James Allen (4 May 1683 – 28 October 1746) was a prominent 18th-century educationalist, Master of the College of God's Gift in Dulwich (then colloquially called "Dulwich College") and was the founder of James Allen's Girls' School.

==Early life==
Born on 4 May 1683 in Hornsey, North London, he later moved to Sussex. His father, also James Allen, drowned in an accident in 1690, after which his mother, Elizabeth, moved the family to Westminster and remarried. By 1701, James Allen was a clerk in the Cursitors' Hall, the clerical branch of the Court of Chancery.

==Job and career==
James Allen took the role of Warden of the college on 26 May 1712 under the name James Alleyn and became Master on 1 September 1721.
During his time at the college much rebuilding was carried out and the estates run by the charitable foundation were carefully administered. Most of his predecessors, both in the role of Master and Warden, as well as most of the former Fellows of the college, had taken advantage of the privileged position they found themselves in to live the pleasantest life possible, whilst for the most part ignoring the wishes of the college's founder, Edward Alleyn, to ensure that every poor scholar would be adequately prepared for going out in the world, be that into an apprenticeship or to university.

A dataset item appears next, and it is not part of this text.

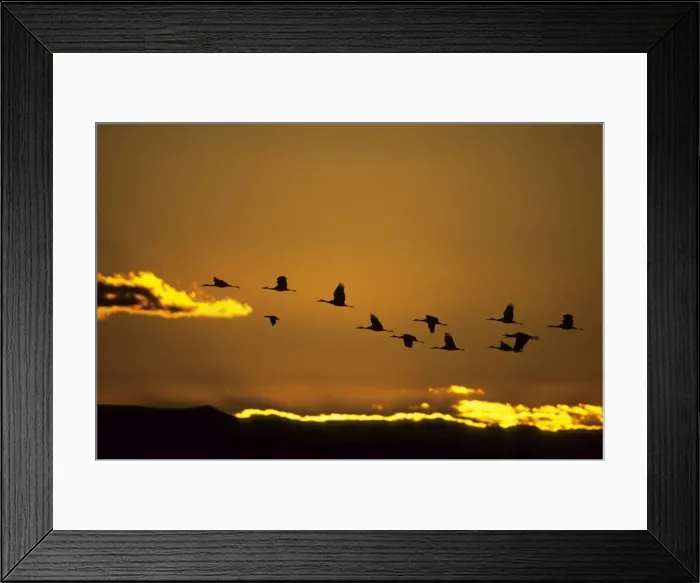 Framed Print : Sandhill Cranes - Dawn Flight Bosque del Apache NWR New Mexico, USA BI006840 Framed Print : Sandhill Cranes - Dawn Flight Bosque del Apache NWR New Mexico, USA BI006840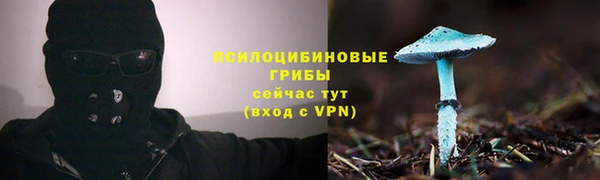 мескалин Богородск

James Allen, however, was very conscious of the Foundation's duty as laid out in the statutes penned by Edward Alleyn. In order to provide education for the boys of Dulwich, in 1741 he made over to the college six houses near the gravel pits of Kensington that he had bought in 1737, the rents from which were to be used to establish two small schools in Dulwich, to be known as the Dulwich Free School, first set up in a local tavern. One where boys would be taught to read, and the other was a step further for this was where girls would be taught to read and sew. This was the seed that would eventually grow into the present day James Allen's Girls' School which dates its foundation back to this date in 1741 (although the James Allen Foundation only ceased to be responsible for boys after the boys were moved to "Dulwich College Grammar School" in 1842). The last of the house was still owned by the school up until 1997 when it was sold to establish the fund which finances James Allen's Girls' School Assisted Places.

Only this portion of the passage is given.